+++ Data supplied +++

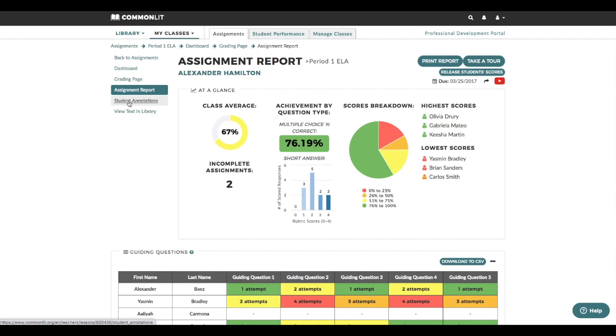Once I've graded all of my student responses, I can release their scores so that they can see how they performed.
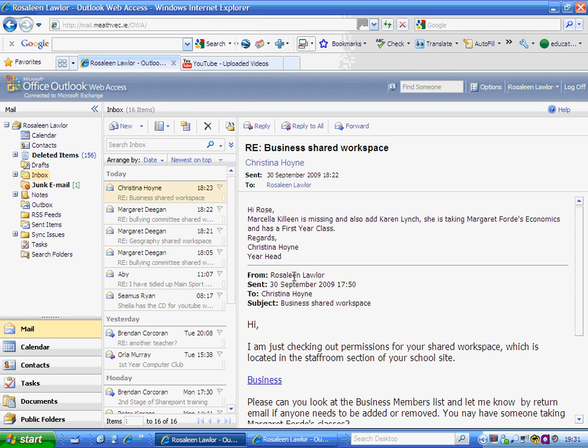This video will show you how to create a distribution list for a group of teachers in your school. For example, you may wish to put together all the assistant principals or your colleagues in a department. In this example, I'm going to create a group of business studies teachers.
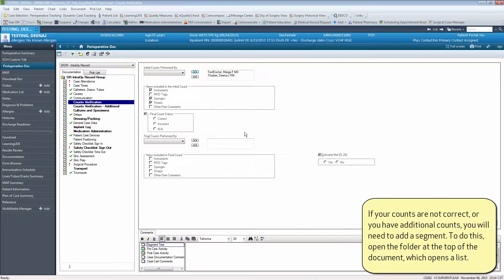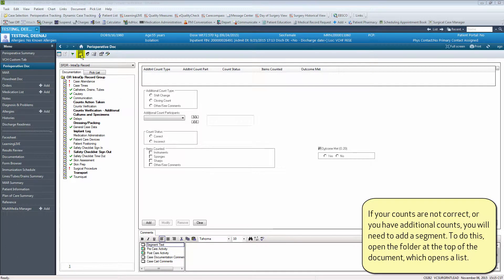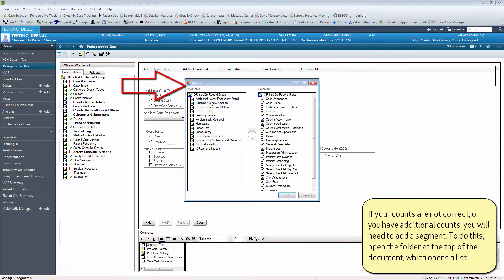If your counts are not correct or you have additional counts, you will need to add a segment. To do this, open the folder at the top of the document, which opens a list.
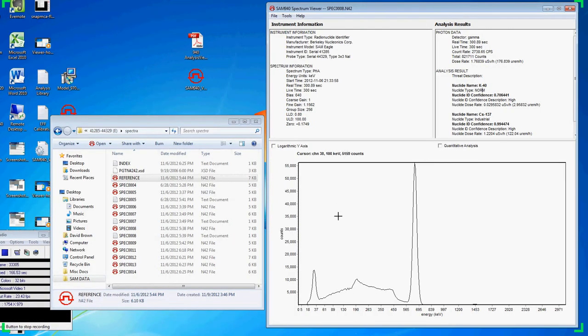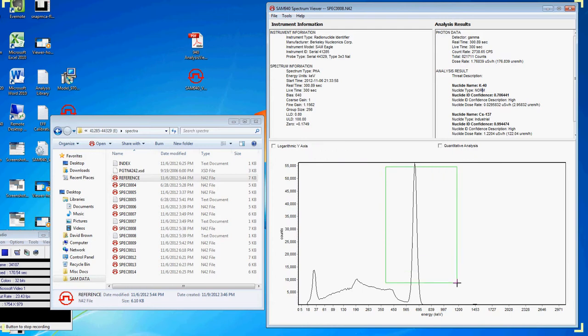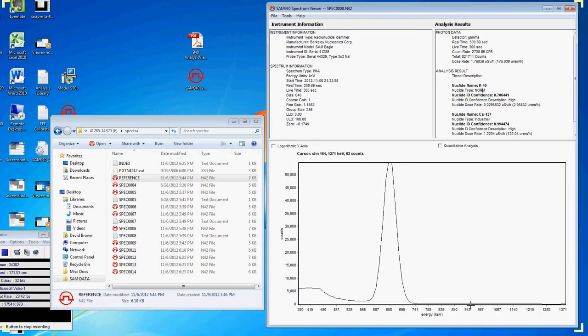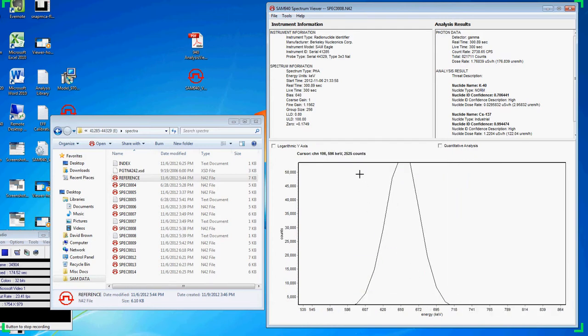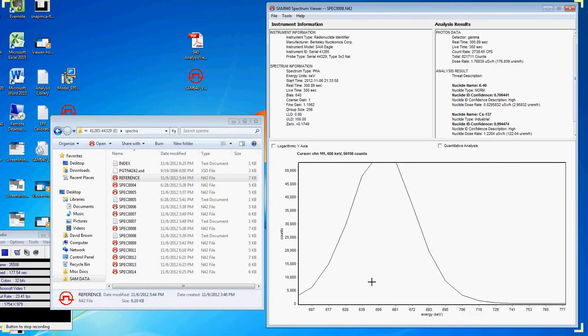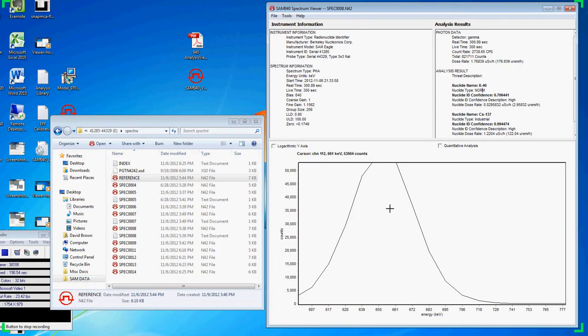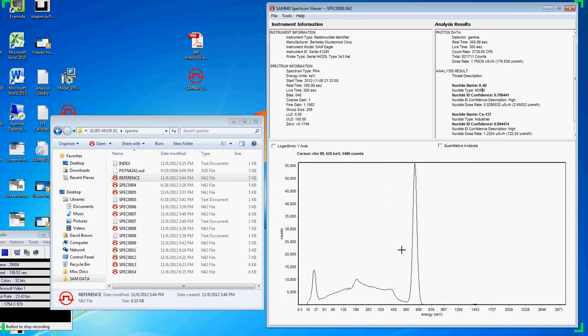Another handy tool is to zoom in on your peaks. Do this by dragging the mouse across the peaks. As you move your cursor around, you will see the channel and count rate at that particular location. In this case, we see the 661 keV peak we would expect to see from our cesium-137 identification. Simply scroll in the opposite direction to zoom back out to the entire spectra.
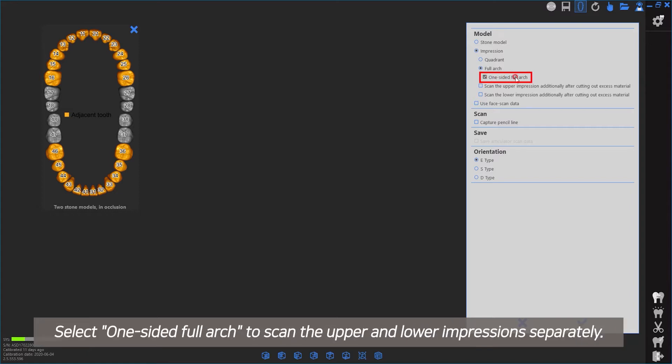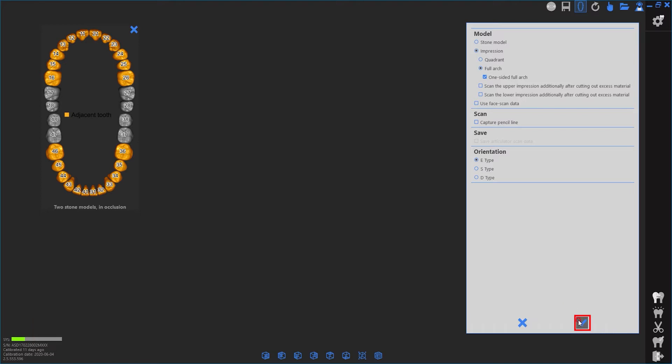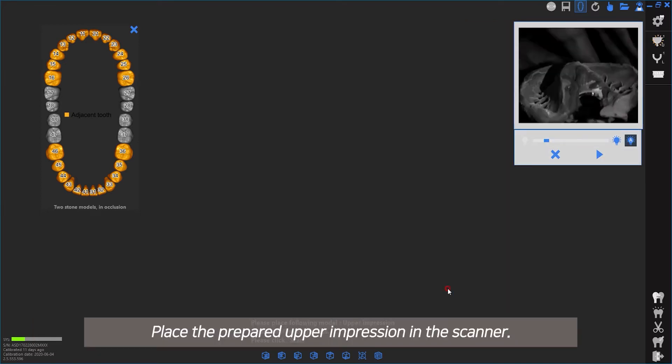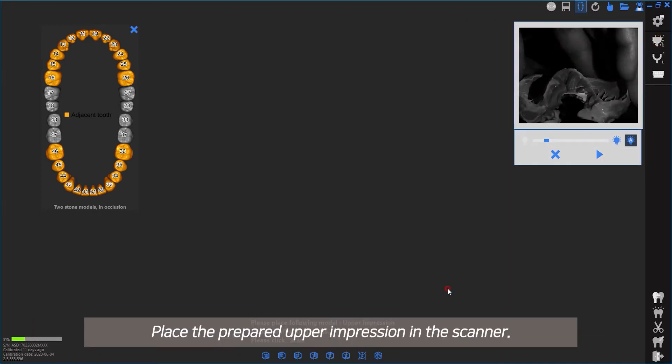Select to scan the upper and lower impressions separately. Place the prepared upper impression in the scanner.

+++

### Instructions for the task
Copy out exactly the lines between the line that contains "If your counts" and the last line of the records, both ends included; leave out every picture.

### Output of the exercise
If your counts are not correct or you have additional counts, you will need to add a segment. To do this, open the folder at the top of the document, which opens a list.
Another handy tool is to zoom in on your peaks. Do this by dragging the mouse across the peaks. As you move your cursor around, you will see the channel and count rate at that particular location. In this case, we see the 661 keV peak we would expect to see from our cesium-137 identification. Simply scroll in the opposite direction to zoom back out to the entire spectra.
Select to scan the upper and lower impressions separately. Place the prepared upper impression in the scanner.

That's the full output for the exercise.